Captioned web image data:
____

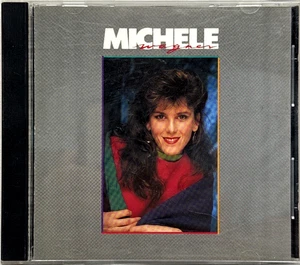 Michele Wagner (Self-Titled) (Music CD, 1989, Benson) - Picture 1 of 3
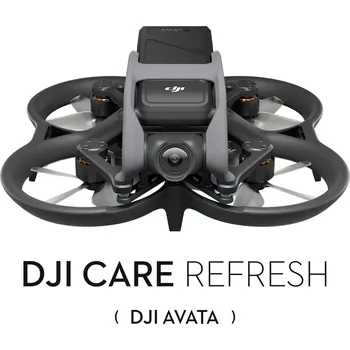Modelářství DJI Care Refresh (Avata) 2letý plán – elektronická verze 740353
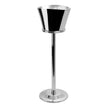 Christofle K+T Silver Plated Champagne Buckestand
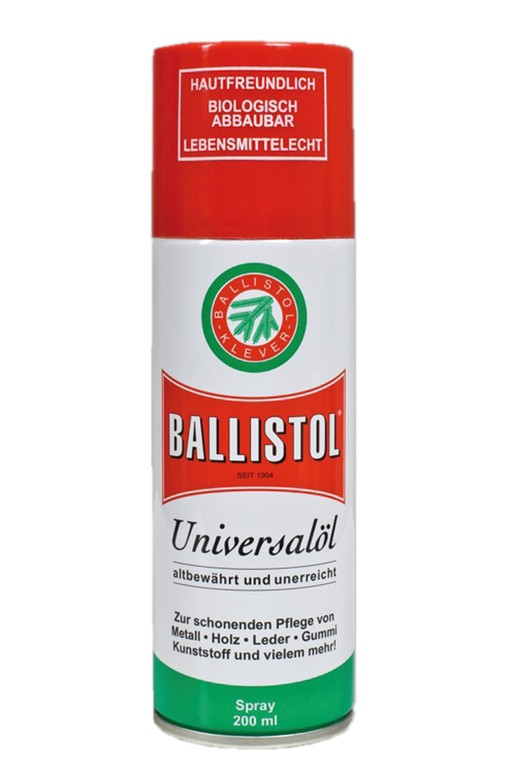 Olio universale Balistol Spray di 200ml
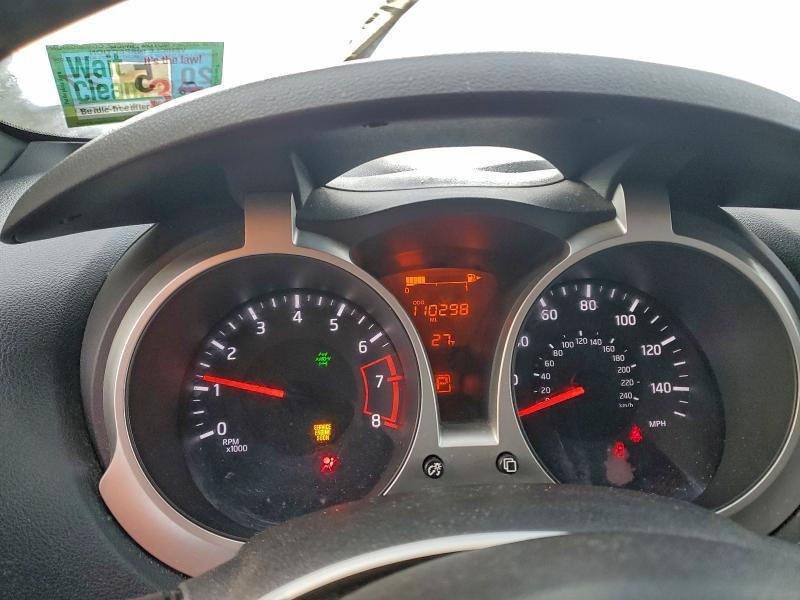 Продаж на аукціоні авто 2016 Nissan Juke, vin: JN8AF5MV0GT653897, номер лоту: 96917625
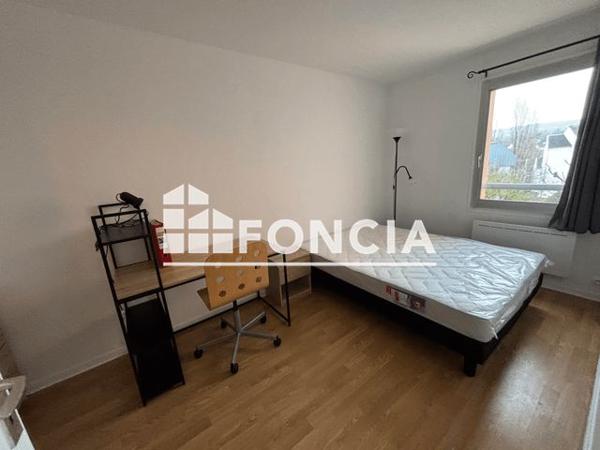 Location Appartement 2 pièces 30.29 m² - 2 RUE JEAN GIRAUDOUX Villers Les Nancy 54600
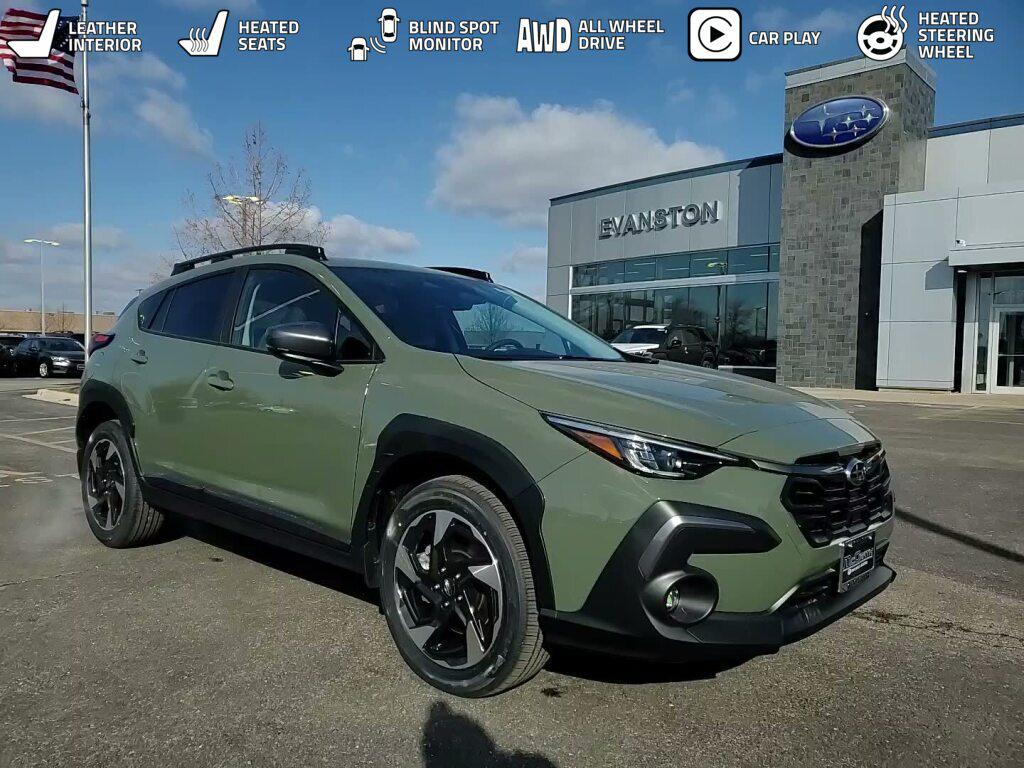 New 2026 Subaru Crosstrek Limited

____

*Work instructions*: Give every entry again word for word; no images belong in the copy.

*Written response*:
 Michele Wagner (Self-Titled) (Music CD, 1989, Benson) - Picture 1 of 3
Modelářství DJI Care Refresh (Avata) 2letý plán – elektronická verze 740353
 Christofle K+T Silver Plated Champagne Buckestand
 Olio universale Balistol Spray di 200ml
 Продаж на аукціоні авто 2016 Nissan Juke, vin: JN8AF5MV0GT653897, номер лоту: 96917625
 Location Appartement 2 pièces 30.29 m² - 2 RUE JEAN GIRAUDOUX Villers Les Nancy 54600
 New 2026 Subaru Crosstrek Limited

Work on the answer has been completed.